ValueError: Could not find dependent ('group-shuffle-0-2eb6f1e40148076067c9f27b831be488', (5, 2)).  Check worker logs
distributed.nanny - WARNING - Restarting worker
distributed.nanny - WARNING - Worker exceeded 95% memory budget. Restarting
distributed.nanny - WARNING - Restarting worker

I am not sure where to check "worker logs".

This feels like something fairly simple that should just "work" yet I have spent a lot of time on it so I must be doing something wrong.

Additionally, I have tried this:

test_parquet = dd.read_parquet(TEST_PARQUET, engine='pyarrow')
test_parquet.to_parquet(PARQUET_WORKING + 'test_2017_symbol.parquet.brotli',
                        compression='brotli',
                        partition_on='UnderlyingSymbol')

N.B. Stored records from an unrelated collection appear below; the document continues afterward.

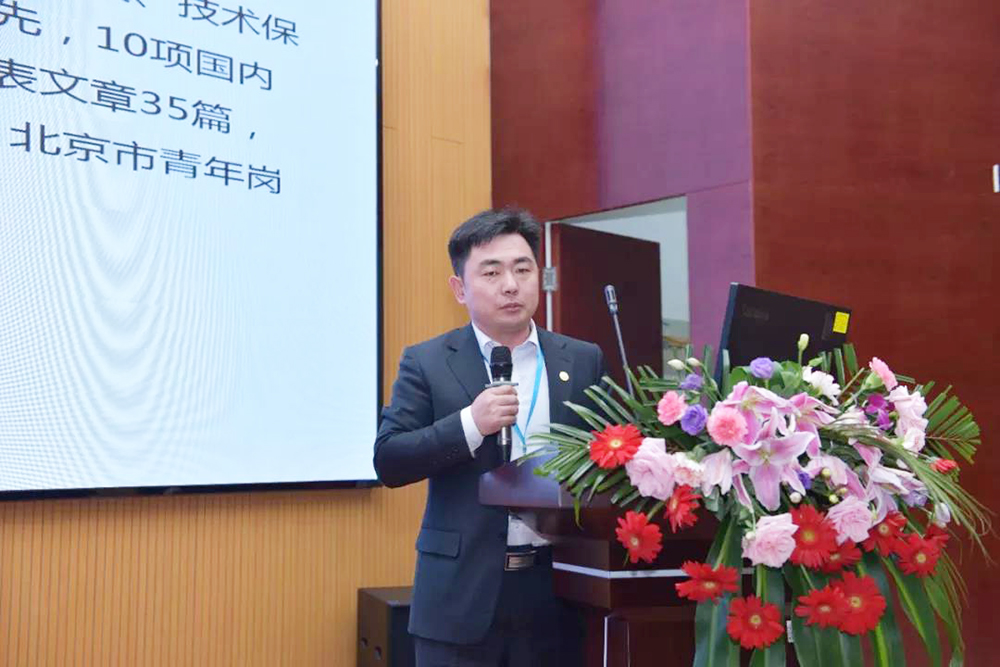 77ÌåÓý ¨C È«Íø×îÈ«×îÓÐ̬¶ÈµÄÌåÓýÈüÊÂÖ±²¥Æ½Ì¨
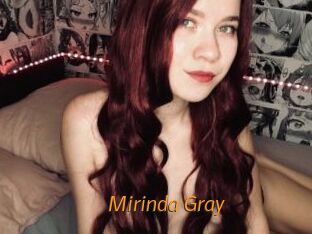 Mirinda_Gray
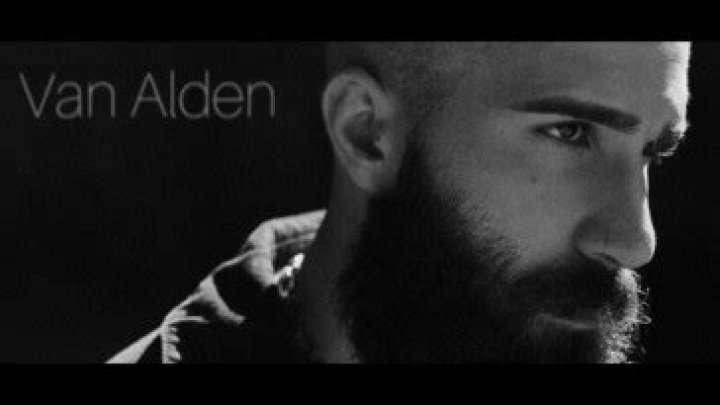 Paul Abrahamian Releases 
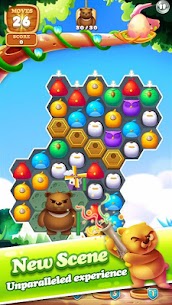 Bird Paradise 1.9.0 Apk + Mod 4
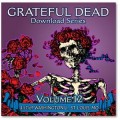 Buy The Grateful Dead - St. Louis (Vinyl) CD2 Mp3 Download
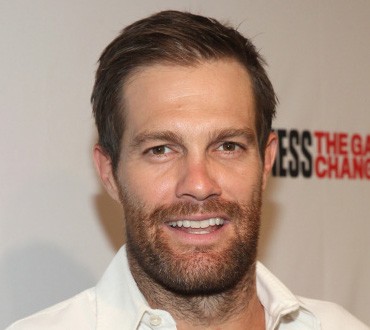 Grace And Frankie Season 3 Episode 9 Rotten Tomatoes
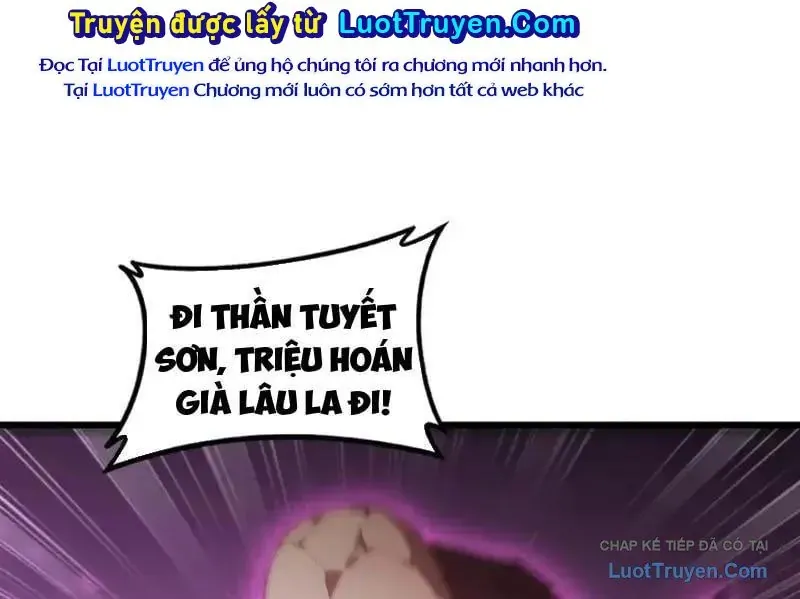 Ta Là Chúa Tể Trùng Độc Chap 98 - Next Chap 99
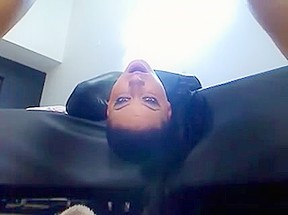 Wild Exclusive Facial, Amateur, Big Cock Clip Only Here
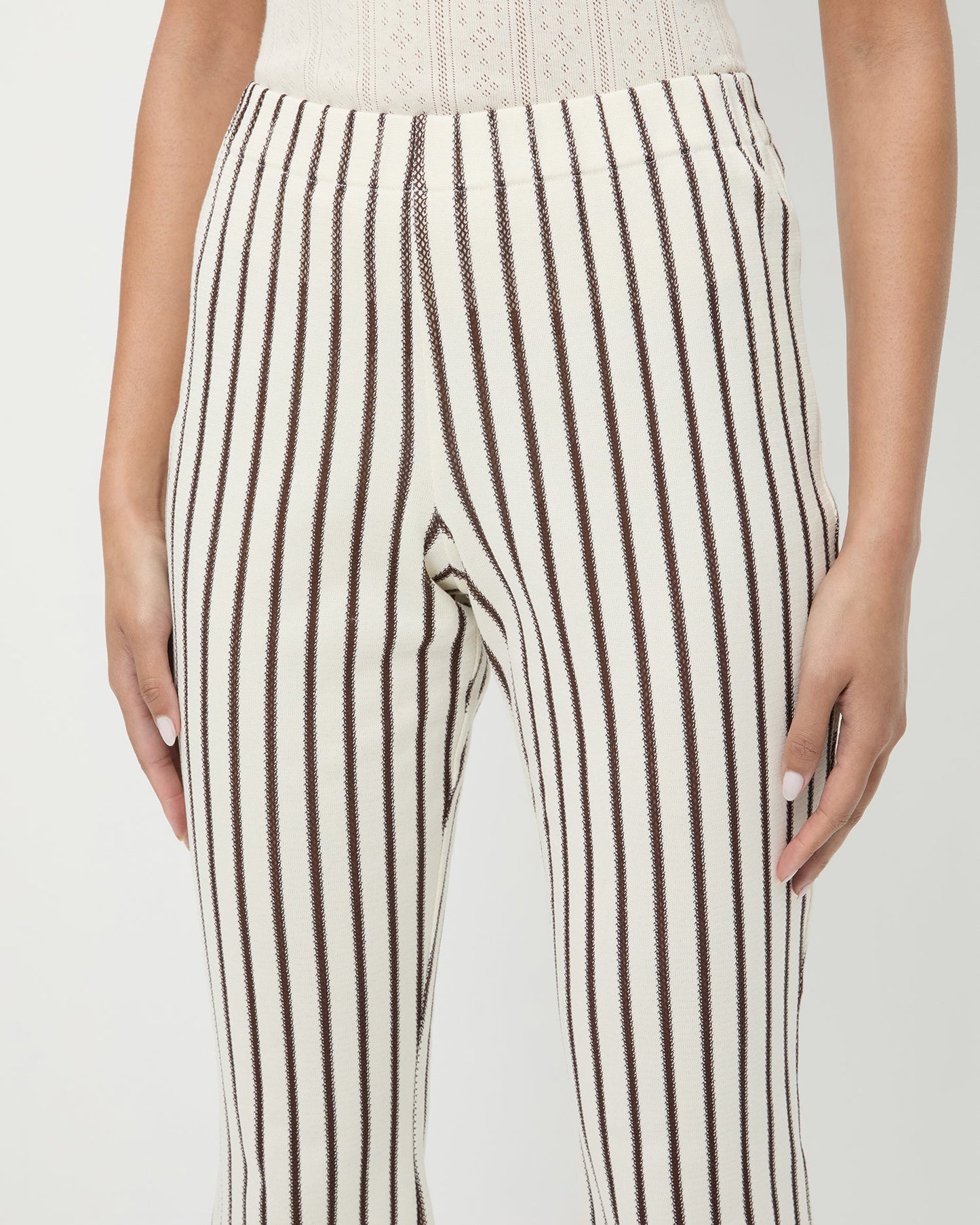 Alex Pant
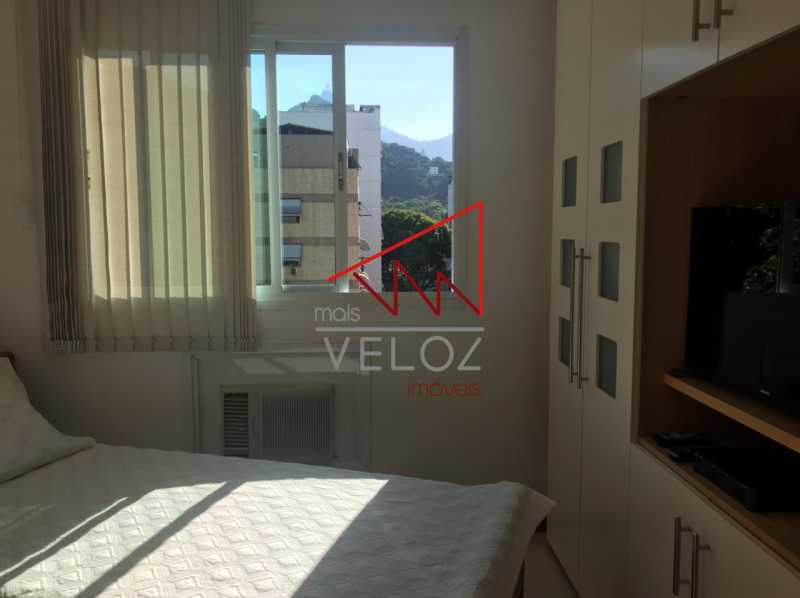 Cobertura à venda com 5 quartos, 320m² - Foto 18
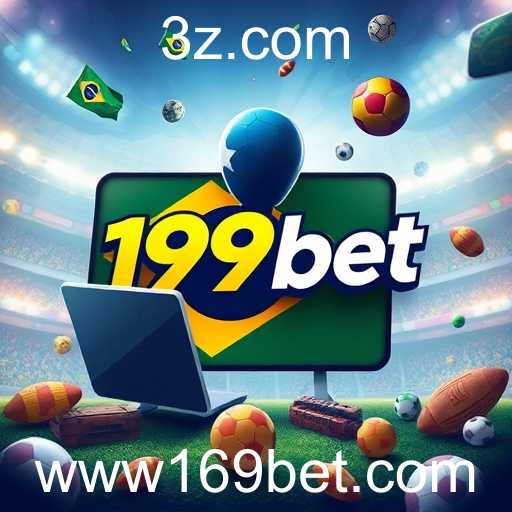 Tendências de Jogos Online e a Popularidade do 169bet em 2026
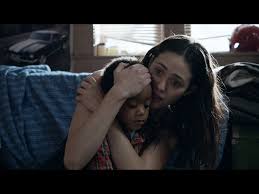 We did not find results for: Shameless Season 4 Episode 7 Clip It Was An Accident Youtube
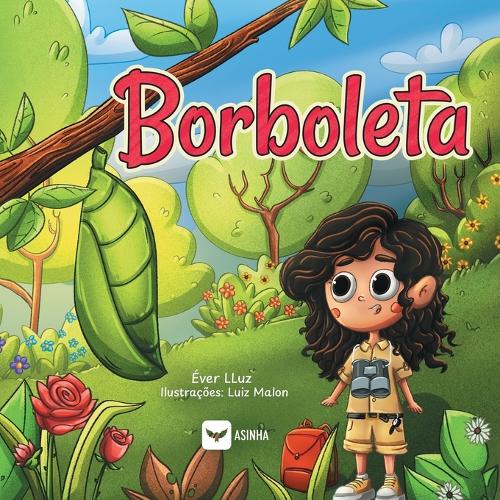 Borboleta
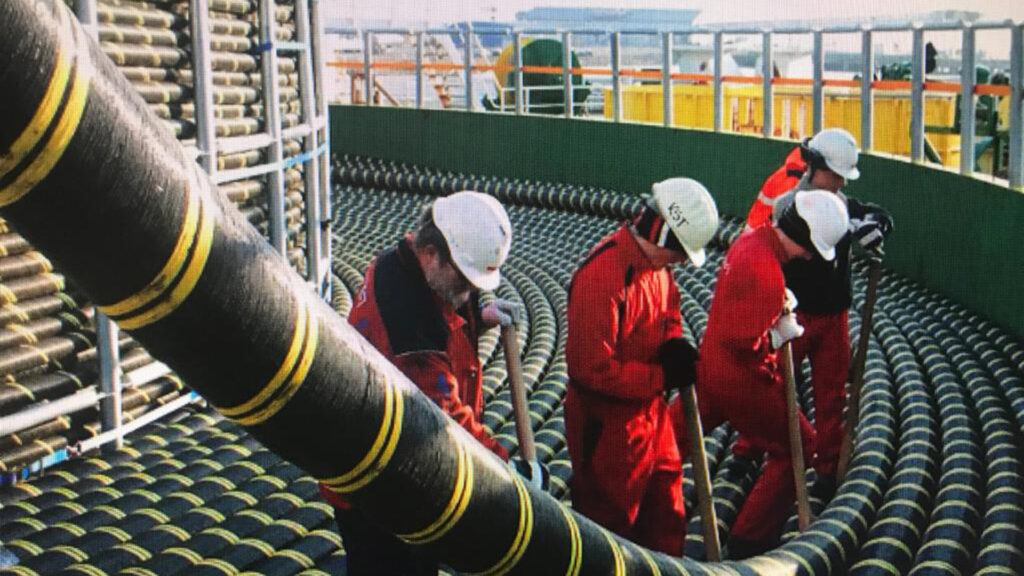 Octopus Energy تنضم لمشروع النقل الكهربائي المغربي البريطاني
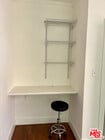 Photo - 1735 N Gramercy Pl Unit 202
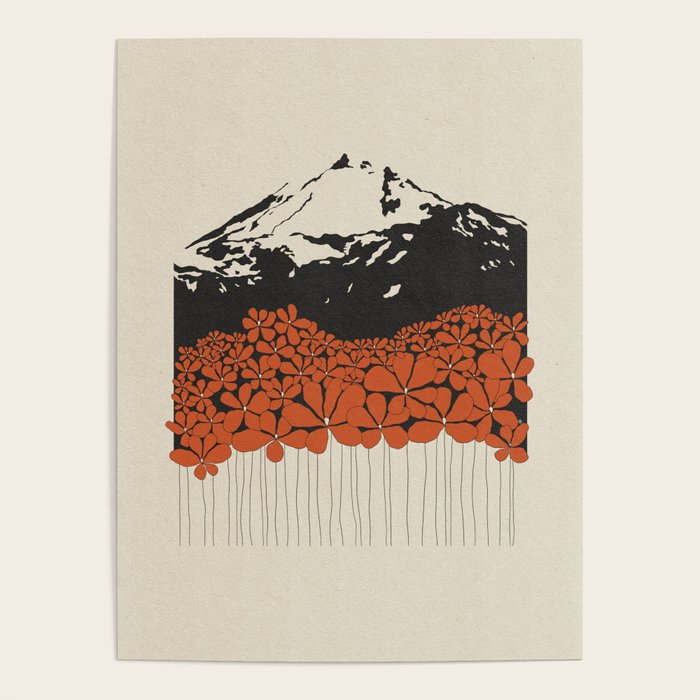 Daydream Poster Gallery Image 1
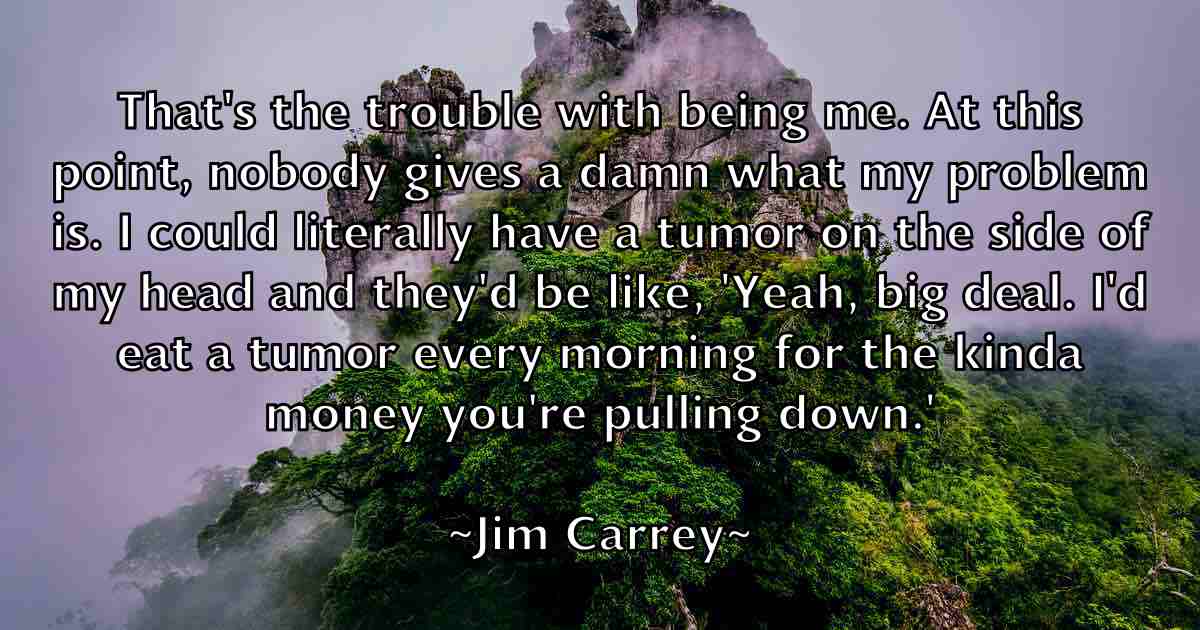 /images/quoteimage/jim-carrey-fb-389298.jpg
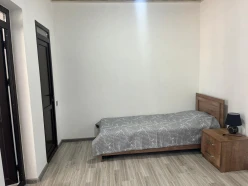 İcarə bağ evi 60 m², Xaçmaz-7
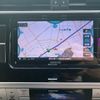toyota land-cruiser-prado 2019 -TOYOTA--Land Cruiser Prado CBA-TRJ150W--TRJ150-0097846---TOYOTA--Land Cruiser Prado CBA-TRJ150W--TRJ150-0097846- image 21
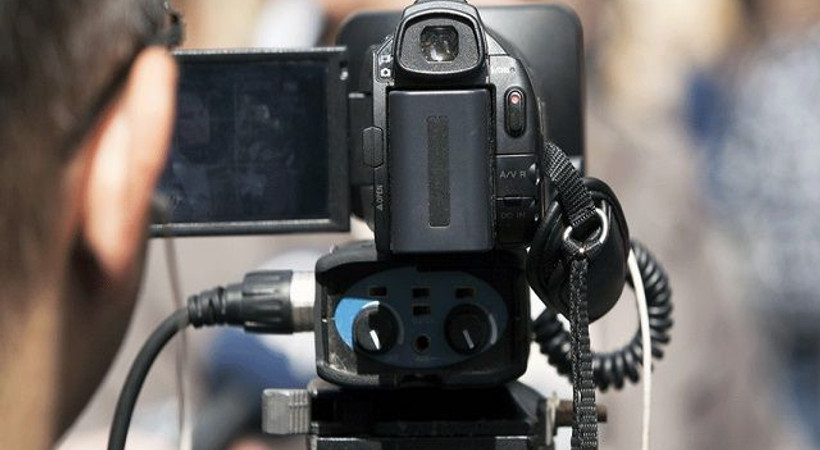 Gazeteciler engellendi, Basın Konseyi sordu: Yine neden yasak?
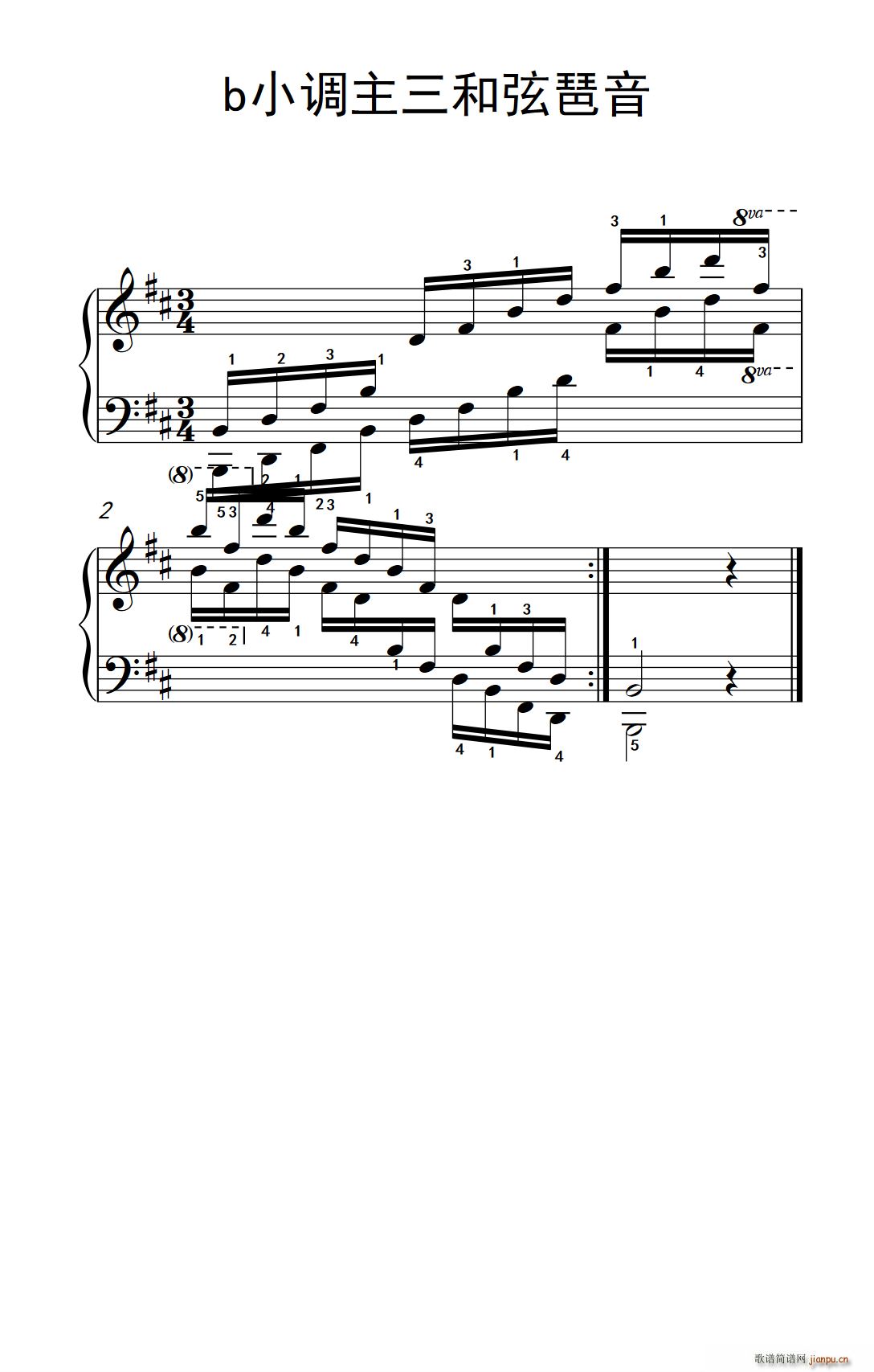 ھż(j)22 bС{(dio) W(xu)Ժ  I(y) (j)̳ 7 9(j)(V)1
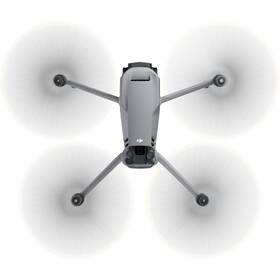 Dron DJI Mavic 3 Pro (DJI RC) 

 obrázok produktu 10 z 11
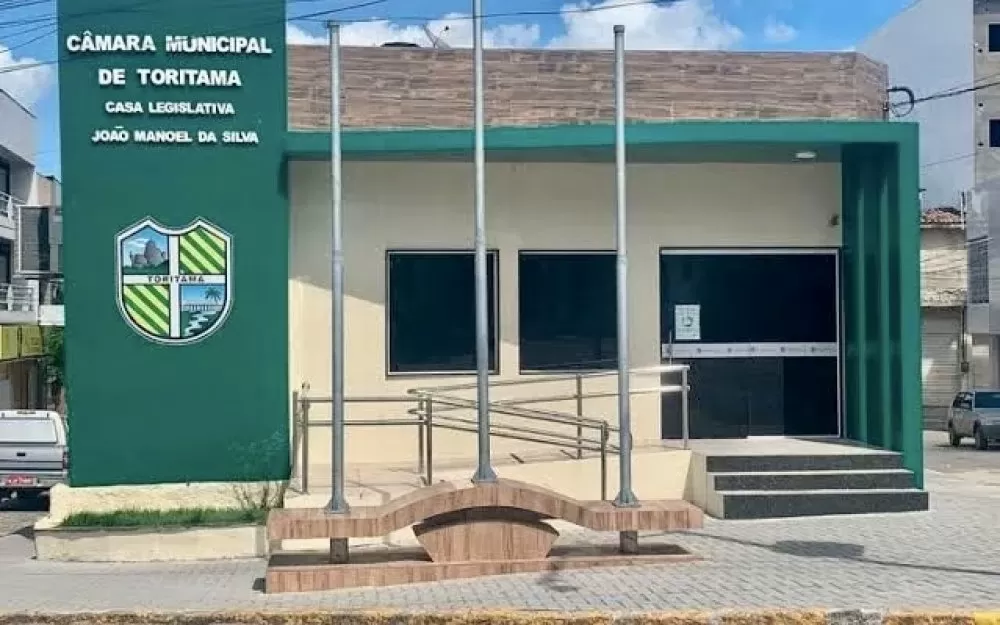 /Reprodução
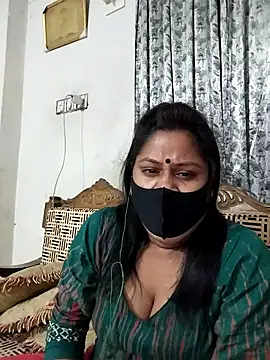 munni-506 online show from 15, 2, 2026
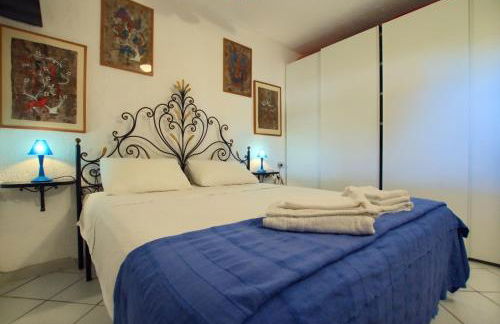 Fronte spiaggia con parcheggio - Rainbow House - Photo 15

And, I basically get the desired result, except that each of the resulting files has 100 partitions and they are now small enough I'd prefer a single partition, which is why I am trying the set_index method above, but now I want to know what the "right" way to do this is.


Solution

  • You write that you "want to read that parquet file in and write out one parquet file per symbol". You can achieve this using the set_index and repartition API as follows:

    import dask.dataframe as dd
    import pandas as pd
    import numpy as np
    
    # create dummy dataset with 3 partitions
    df = pd.DataFrame(
        {"letter": ["a", "b", "c", "a", "a", "d", "d", "b", "c", "b", "a", "b", "c", "e", "e", "e"], "number": np.arange(0,16)}
    )
    
    ddf = dd.from_pandas(df, npartitions=3)
    
    # set index to column of interest
    ddf = ddf.set_index('letter').persist()
    
    # generate list of divisions (last value needs to be repeated)
    index_values = list(df.letter.unique())
    divisions = index_values.append(df.letter.unique()[-1])
    
    # repartition 
    ddf = ddf.repartition(divisions=divisions).persist()
    
    # write each partition to a separate parquet file
    for i in range(ddf.npartitions):
        ddf.partitions[i].to_parquet(f"file_{i}.parquet", engine='pyarrow')
    

    Note the double occurrence of the value 'e' in the list of divisions. As per the Dask docs: "Divisions includes the minimum value of every partition’s index and the maximum value of the last partition’s index." This means the last value needs to be included twice since it serves as both the start of and the end of the last partition's index.

    Alternative using partition_on

    The partition_on kwarg may also be relevant, but this writes out a single directory per unique value of the specific column. Since you there are 4702 unique values, this will result in 4702 'folders', each containing a partition for every unique row.

    The following code:

    df = pd.DataFrame(
        {"letter": ["a", "b", "c", "a", "a", "d"], "number": [1, 2, 3, 4, 5, 6]}
    )
    ddf = dd.from_pandas(df, npartitions=3)
    ddf.to_parquet("tmp/partition/1", engine="pyarrow", partition_on="letter")
    

    will result in this file structure:

    tmp/partition/1/
      letter=a/
        part.0.parquet
        part.1.parquet
        part.2.parquet
      letter=b/
        part.0.parquet
      letter=c/
        part.1.parquet
      letter=d/
        part.2.parquet
    

    You could then read in each unique value directory in separately and write it out to a new parquet file like this:

    ddf = dd.read_parquet(
        "tmp/partition/1", engine="pyarrow", filters=[("letter", "==", "a")]
    
    ddf.to_parquet('tmp/value-a.parquet')